Il consiglio del biblioterapeuta
Madeleine Boudouxhe, Marie aspetta Marie (Adelphi)
Tutti noi abbiamo conosciuto – o conosciamo, ne sono certo! – una Paola, l’amica del cuore, la sorella. E non è detto poi che sia una Paola, una donna. Ciò che ha vissuto lei posso averlo provato io, Massimo, un uomo.
Non esiste differenza di genere ma un sentire simile sempre unico e personale.
Rendersi conto, dopo la fine di una relazione importante, nel momento di maggior smarrimento e sofferenza, di aver messo da parte la propria persona in funzione e satellite dell’altra, può essere causa di ulteriore dolore.
Questo però è il primo passo per riconnettersi con se stessi, ritrovarsi, ricominciare con una nuova consapevolezza.
Riflettere sulla storia di Paola mi ha ricordato Marie la protagonista del romanzo di Madeleine Boudouxhe.
Marie e Jean sono una giovane coppia di sposi. Il loro sembra essere un rapporto forte ma diventa evidente pagina dopo pagina – in modo sottile, quasi subdolo – che è invece fondato su un’incertezza, su un disequilibrio.

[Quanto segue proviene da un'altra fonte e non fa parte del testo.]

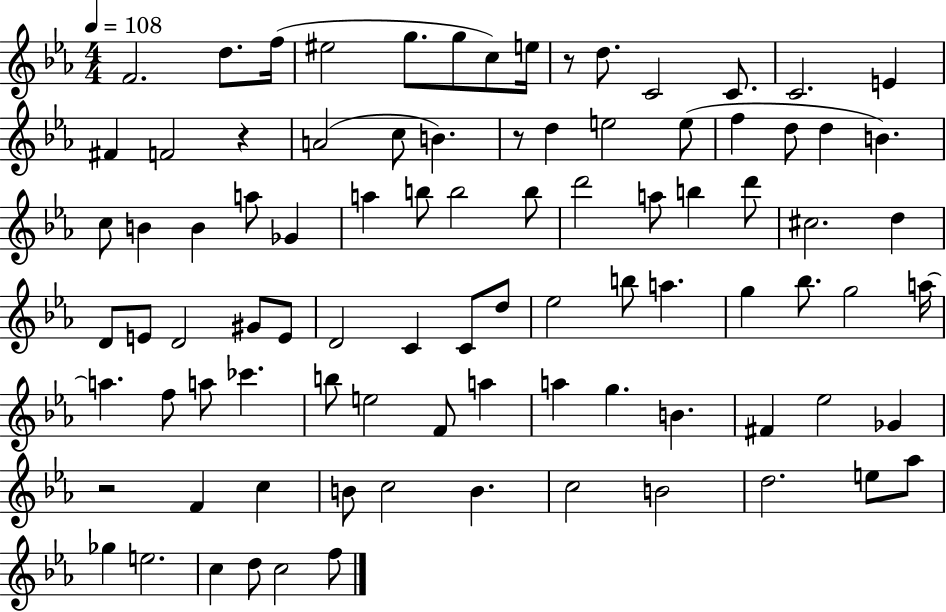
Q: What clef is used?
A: treble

Da un lato c’è Marie, piena di amore, incantata dalla bellezza del marito, nonostante qualche dubbio che prontamente rimuove.
Dall’altra Jean, distratto e viziato, che sembra non ricambiare più con la stessa intensità di un tempo quel sentimento che li aveva uniti.
Poi, un giorno in spiaggia Marie incontra lo sguardo di un giovane uomo poco più che adolescente, e sente mettere in discussione la propria devozione per il marito proprio a causa di quell’interesse improvviso che la coglie.
Di quello sguardo rimane solo un numero di telefono.
E poco alla volta per Marie tutto cambia: acquisisce sempre maggiore consapevolezza, riconosce alcune mancanze nel suo matrimonio e nella relazione con Jean, sempre più distratto. Marie inizia a osservare sé stessa e il mondo con occhi diversi mai come prima.
Senza dubbio Marie mette in discussione il lettore, uomo o donna che sia.
Marie cerca di affrancarsi: non vuole essere priva di autonomia e dipendente dall’uomo.
Una donna priva di esigenze e desideri, proprio quelli fondamentali per il sentirsi appagata e forte nella sua essenza.
Una donna che diventa padrona delle proprie scelte e decisioni, in grado di farlo, non in funzione dell’altro, ma seguendo il proprio istinto e le proprie necessità in assoluta libertà ma non in modo irresponsabile.
Una figura da stimare e prendere ad esempio. Sempre.
Il personaggio della Bourdouxhe è modernissimo – il romanzo è del 1943 – vitale, consapevole.
Ed è un esempio per noi che leggiamo.